Can Zapier still be used in compliance with data protection regulations?

From our point of view, Zapier, as well as many other big US-american companies, such as Microsoft, Apple or Google, fell victim to the surprising and drastic ECJ ruling on the Privacy-Shield. It remains to be seen how US companies, that were previously covered by the Privacy Shield, will be treated by the EU. We think it is likely that the EU will either enter into a new agreement with US authorities or revise the Privacy Shield as soon as possible.

From our research and all the above linked information freely accessible through Zapier it is safe to further use Zapier.
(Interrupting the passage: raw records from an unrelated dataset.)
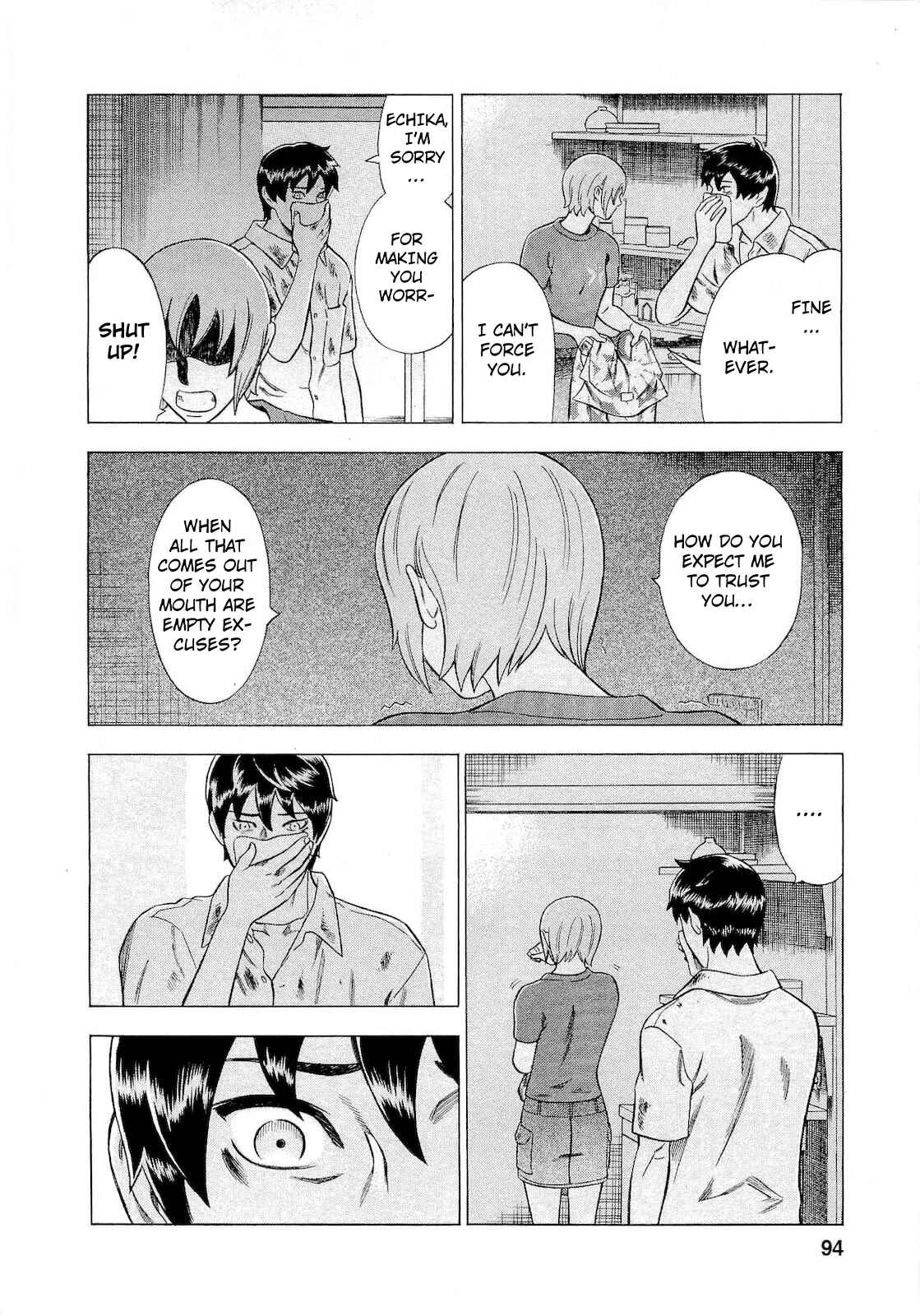 Page 8 Chapter 68 Crime and Punishment: A falsified romance
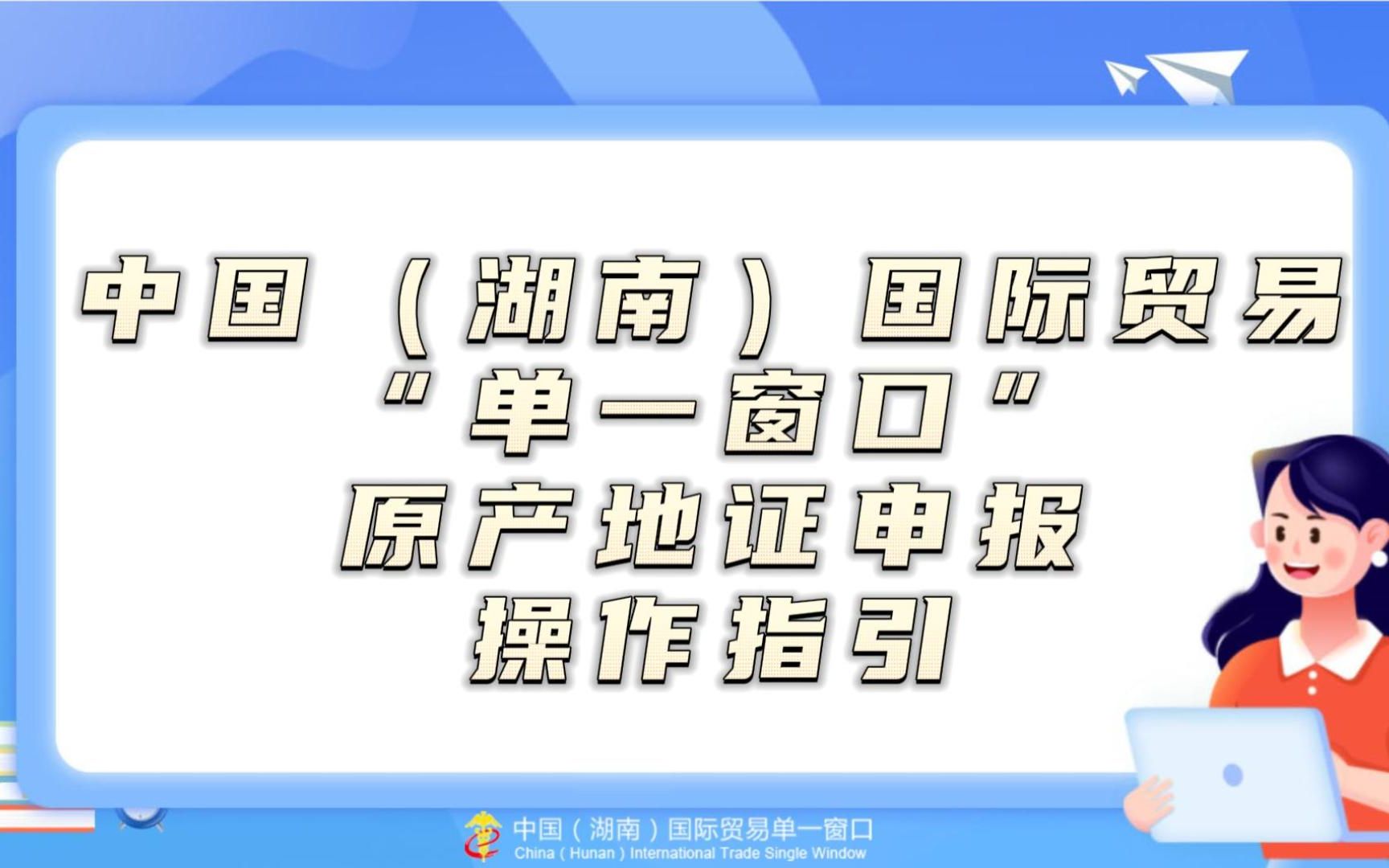 中国(湖南)国际贸易“单一窗口”原产地证申报操作指引哔哩哔哩bilibili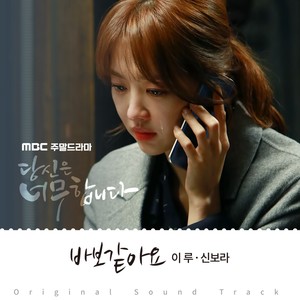 당신은 너무합니다 OST Part.5 (You’re Too Much OST Part.5) (你太过分了 OST Part.5)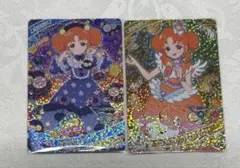 アイプリ リンリン おやすみメリーナイト フェザーグランプリラブリーオレンジ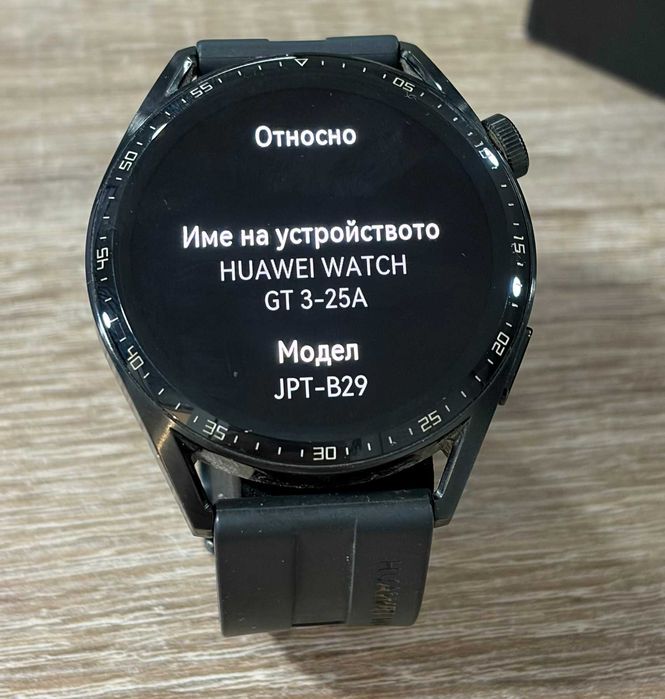 Huawei Watch GT 3 46mm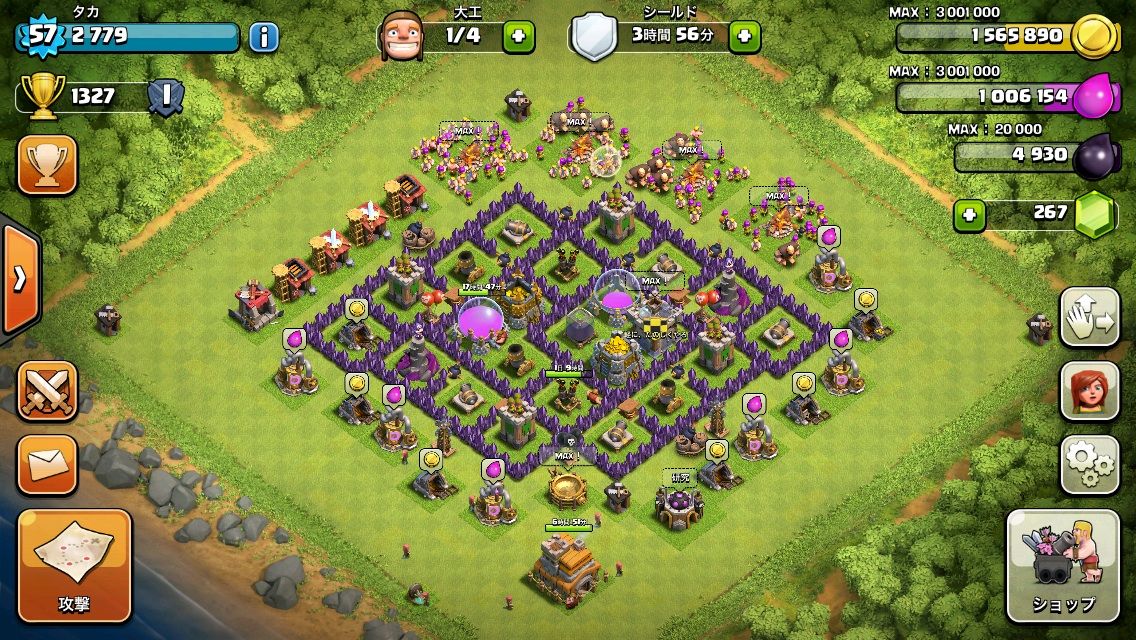 現在の配置 クラッシュオブクラン クラクラ 攻略法 配置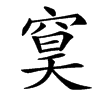 䆨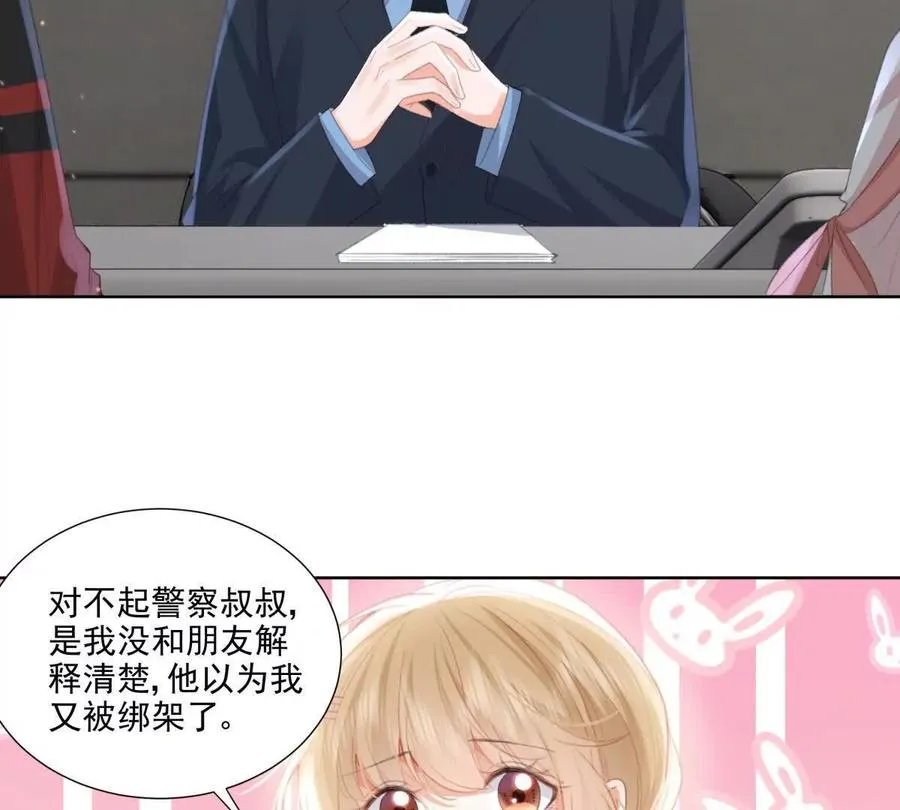 心愿 第50页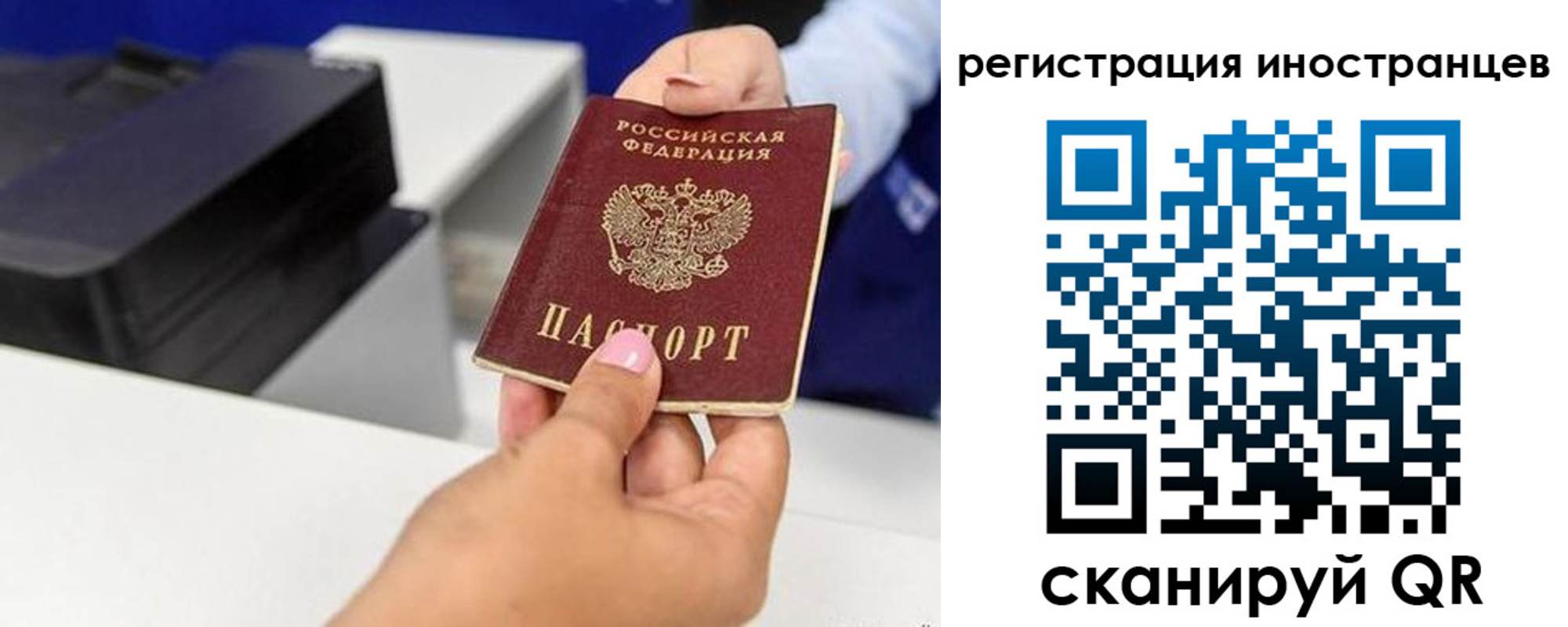 временная регистрация в квартире в Новороссийске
They present all relevant information in an open and transparent manner and impose the strictest data protection guidelines on themselves.

What else to know about Zapier Privacy when integrating apps

Zapier Privacy only refers to the service offer of the automation service provider. What does that mean exactly?

Zapier themselves compell with GDPR and stated how they meet the EU-regulation in terms of their service offer. For the connection of US software providers in your automation and the associated data processing, the privacy policies of Zapier does not apply.

This means that if you use an automation workflow in which, for example, Facebook, GMail or Mailchimp are integrated, the use of this software is at your own discretion. Only the service itself is subject to European law, not the apps used therein.

So you should decide for yourself how you would like to deal with any US software providers in the future.

Will Zapier no longer be usable in the future?

We cannot foresee the future impact of the ECJ ruling on the Privacy-Shield. If there is another agreement on transatlantic data exchange, the tide will turn again. However, after doing our research and talking to Zapier personally, we can say that we continue to appreciate and use Zapier as an automation provider. Even if there is uncertainty – everybody acts on its on risks.

As we’ve been also interested in a quick solution for our customers, we were very impressed by the professional and fast reaction from Zapier and the developers and managers of the automation software.

If you have any questions or concerns regarding your automation with Zapier, please contact us or make a free appointment today for automation & IT consulting.

Disclaimer: This article does not constitute legal advice, but only an editorial contribution. We are no lawyers and only carry out an IT-technical assessment based on the ECJ ruling and publicly available data. We do not assume any liability for contents or derived recommendations for action.